SEM was performed to examine the surface structure of the cochlea. Examination of the organ of Corti of the control group (Fig. 3A) indicated three rows of OHCs and one row of IHCs. Conversely, cochleae from the GM-induced ototoxic group (Fig. 3B) exhibited loss of the well-known architecture of hair cells of the organ of Corti. The stereocilia of the OHCs and IHCs were disrupted, disarrayed, fused, had focal loss or were completely absent. Treatment with 3-MA preserved the majority of hair cells; however, the stereocilia became more dispersed (Fig. 3C).

To examine whether GM injury affects protein expression levels of LC3, immunostaining and western blotting were performed on each group. LC3 was detected in the control and GM-treated groups; however, expression levels were markedly upregulated in the GM-treated group (Fig. 4A). In western blots, LC3 protein presents with double bands; one is unconjugated and the other is conjugated with phosphotidylethanolamine to form the LC3-II complex. This is recruited to the autophagosome membrane; increased expression levels reflects the level of autophagy in cells. LC3 protein levels were overexpressed in the GM-treated group compared with the control group (Fig. 4B).

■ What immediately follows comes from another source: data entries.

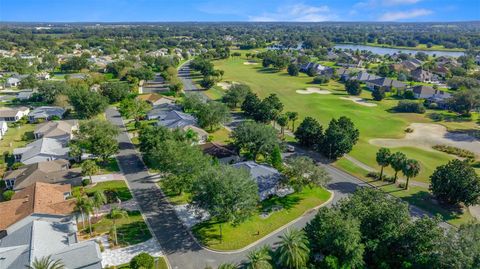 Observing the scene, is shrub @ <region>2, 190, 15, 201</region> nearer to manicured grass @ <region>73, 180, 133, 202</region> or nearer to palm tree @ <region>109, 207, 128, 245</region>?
manicured grass @ <region>73, 180, 133, 202</region>

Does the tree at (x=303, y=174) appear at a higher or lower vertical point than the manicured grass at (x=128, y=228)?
higher

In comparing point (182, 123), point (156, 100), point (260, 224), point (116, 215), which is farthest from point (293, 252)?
point (156, 100)

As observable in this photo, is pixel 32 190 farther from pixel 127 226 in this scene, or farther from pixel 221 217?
pixel 221 217

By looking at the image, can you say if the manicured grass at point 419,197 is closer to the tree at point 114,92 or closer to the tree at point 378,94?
A: the tree at point 378,94

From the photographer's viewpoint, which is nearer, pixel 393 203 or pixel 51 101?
pixel 393 203

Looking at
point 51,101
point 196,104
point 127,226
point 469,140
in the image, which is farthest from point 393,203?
point 51,101

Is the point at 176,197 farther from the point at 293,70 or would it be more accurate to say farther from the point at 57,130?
the point at 293,70

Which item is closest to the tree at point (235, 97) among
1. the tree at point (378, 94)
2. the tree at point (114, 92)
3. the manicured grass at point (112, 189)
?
the tree at point (114, 92)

To assess the interaction between Atg12 and Bcl-2 in cochleae, western blotting was performed to observe protein expression levels of Bcl-2 in the GM-, GM + 3-MA-treated and control groups. Bcl-2 was equally expressed in all three groups (Fig. 5A). Co-immunoprecipitation was performed using a rabbit anti-Atg12 antibody to observe the protein complexes involved in ototoxicity and further analyze the interaction between Atg12 and Bcl-2 (Fig. 5B). Bcl-2 and Atg12 were co-expressed in the GM-treated and control groups, indicating that they interact in the cochlea. However, when autophagy was inhibited by 3-MA, Bcl-2 protein expression levels were reduced, demonstrating that 3-MA interrupts the Atg12 and Bcl-2 interaction in GM-induced cochleotoxicity. As a result, the apoptotic function of Atg12 is inhibited, reflecting an increase in the number of hair cells. In summary, these results suggested that following GM-induced cochleotoxicity, Atg12 and Bcl-2 interact to promote cochlear apoptosis, and 3-MA rescues this effect by inhibiting the Atg12-Bcl-2 complex.